4. The practice of sport is a human right. Every individual must have the possibility of practising sport, without discrimination of any kind and in the Olympic spirit, which requires mutual understanding with a spirit of friendship, solidarity and fair play.
5. Any form of discrimination with regard to a country or a person on grounds of race, religion, politics, gender or otherwise is incompatible with belonging to the Olympic Movement.

Now consider if the Olympics movement by minimizing the way that the terrorists had struck at the very heart of the Principles of Olympism, and by taking the approach that whatever happens "the Olympics must go on" undermined the very Principles by which they should have been governed.

 If for the Israelis there was the worst kind of discrimination, then the Olympics movement should have said that it was impossible to comply with the Principles that year and everyone should have gone home.  Instead, the Germans botched the entire counter-terrorist operation and moreover showed a lack of willpower in following through.  Many historians believe that the Germans were themselves complicit in the highjacking of the Lufthansa airliner which resulted in the release of the 3 remaining hijackers, since the Germans didn't want them around to stand trial with the world's attention being drawn to the German incompetence in not being "good hosts" to the Jews.   The Olympics movement looked ridiculous when Germany released the bodies of the dead terrorists to Libya where their bodies were carried in massive parades and national celebration.

And so we turn to the present.  Nothing learned.   The situation justs gets worse.  You can help make things better, but if you don't they will get worse.   An Iranian swimmer withdrew from a race, rather than swim in the same pool as an israeli Jew.

Here is the news report from Canada's National Post newspaper:

From Allen Panzeri At the Beijing Games

When Iranian swimmer Mohammad Alirezaei suddenly withdrew from the 100-metre breaststroke on Saturday, no one believed it was the result of an injury.

The widespread suspicion was that he pulled out because Israeli Tom Be’eri was in lane seven.
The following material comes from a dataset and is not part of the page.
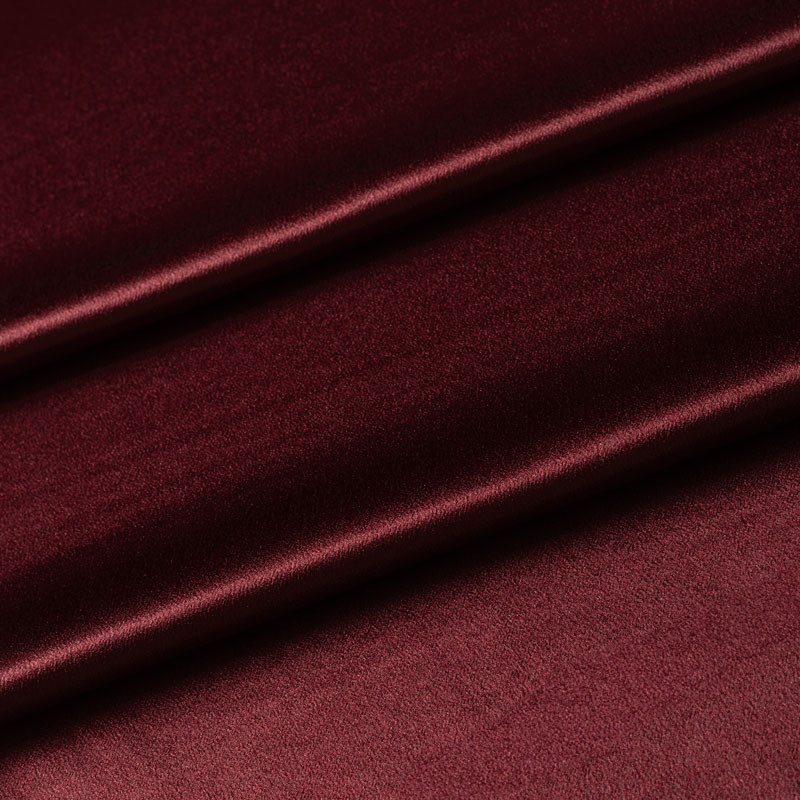 TISSU-SOIE-CRÈPE-SATIN-BORDEAUX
Alirezaei had been drawn in lane one.

Iran had earlier said since this was not a “face-to-face” situation, there would be no problem with Alirezaei competing.

“Alirezaei swims in lane one and the representative of the Zionist regime in lane seven, so they will not face each other,” said the secretary of Iran’s Olympic committee, Ali Kafashian.
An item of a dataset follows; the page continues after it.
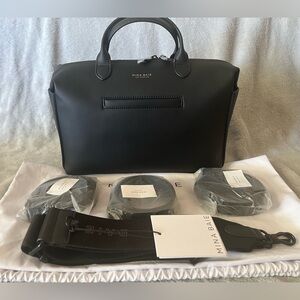 Mina Baie Mini Emmy Black/Black Vegan with Baie Strap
However, Iran has not competed against Israel at the Olympic Games since the 1979 Islamic revolution.

The two countries are in conflict over religion and nuclear weapons, and Iranian president Mahmoud Ahmadinejad has said Israel should be “wiped out from the map.”

Iran does not recognize Israel as a sovereign state and its athletes have always refused to compete alongside Israelis as a sign of solidarity with the Palestinians.

During the 2004 Olympics in Athens, Iran’s judo world champion Arash Miresmaeili — one of the country’s top hopes for a gold — refused to compete against Ehud Vaks of Israel in the first round.

He was rewarded at home and revered as a source of pride, but Miresmaeili said that quitting the Olympics was “a very difficult decision.”

However, IOC spokeswoman Giselle Davies said the IOC was satisfied that Alirezaei withdrew because of an illness. “The athlete withdraw because of a sickness,” she said.

“He confirmed this in writing to the swimming federation. We also spoke to (Iranian association). And they have underlined to us that all athletes competing here are in the right spirit to compete against athletes of any nationalities.

“We take both the athletes and the NOC had their words on this.”

Does the attitude of the IOC make you as sick as it makes me?  Does Ms. Davies not know or care about the political realities in Iran, a totalitarian country - that it has the official position that Israel as a nation should not exist in the Middle East (and probably the position that as soon as Iran develops nuclear weapons, it will use them on Israel)?

In view of that does she expect us to believe that she can take the word of the athlete that he was feeling sick.   Are we persuaded when she went to the lengths of having him confirm it in writing?

Is Iran at the Olympics with the "right spirit"?

If Iran is showing the right spirit,  then the Olympic Games are dead AND buried.